I really enjoyed this book and I think it’s pretty safe to say that I’ll be reading more Silverberg novels in the future.
This book concerns David Selig, or Duv as his sister Judith (who he has a strange relationship with as he can read her most secretive of thoughts) calls him. All his life he has been telepathic and therefore able to read people’s thoughts. However, he’s gradually losing this gift and ‘dying inside’, as the title suggests. The story follows David as this telepathic ability is waning, and the conflicting emotions this gives rise too. On one hand he can’t imagine a life without this gift, and on the other he’s curious to see how we mere-mortals sustain relationships without caressing each other’s inner most thoughts.
This book alternated between first and third person point-of-view, and there was also a chapter that read like an interview. This alternating structure always gives a book a freshness I feel and breaks up the monotony.

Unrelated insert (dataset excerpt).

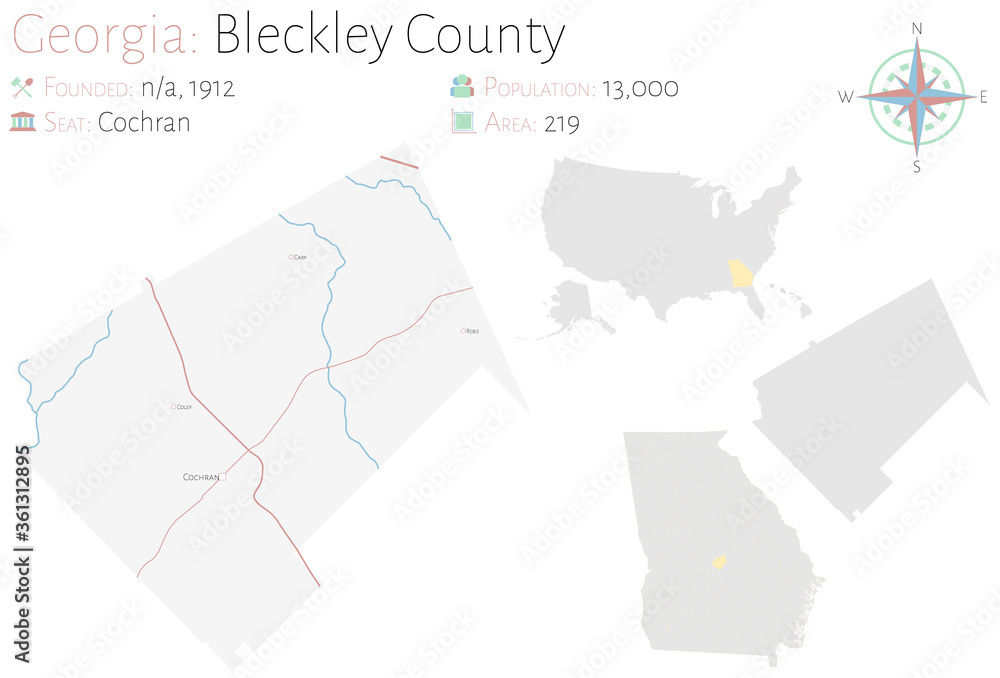 Large and detailed map of Bleckley county in Georgia, USA.
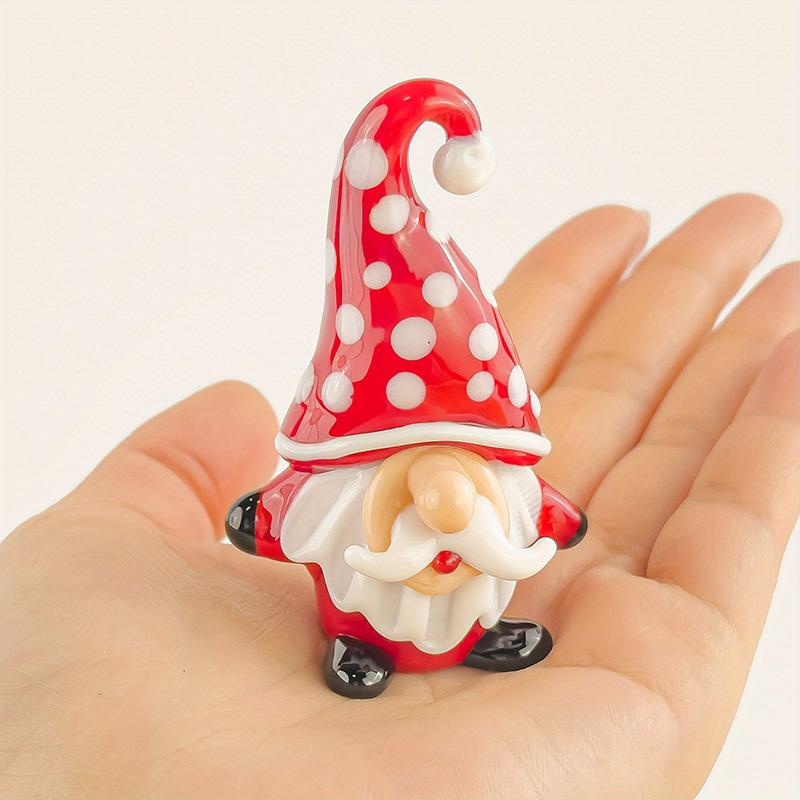 1PC Cartoon Image Handcrafted Fairy Garden Exquisite Glass Cute Christmas Tree Ornament Mini Santa Claus Figurines Desk Ornaments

One reason I’ve not marked this book higher is that the characters didn’t really jump off the page for me. I didn’t particularly care about David one way or the other. I don’t think the reason I didn’t love David is because he wasn’t adequately drawn, I think it’s simply because I was of the same mind as his sister, and viewed him as a bit of a snake for dredging up everyone’s inner most secrets! As you’ve probably guessed then, Judith was the character I connected with most.
I think the novel may have benefited from being a bit longer as well. It ended rather abruptly and could have done with an extra chapter or two. All-in-all though it posed a lot of pertinent questions about what it is to be human, and makes the reader question their own judgement and perspective.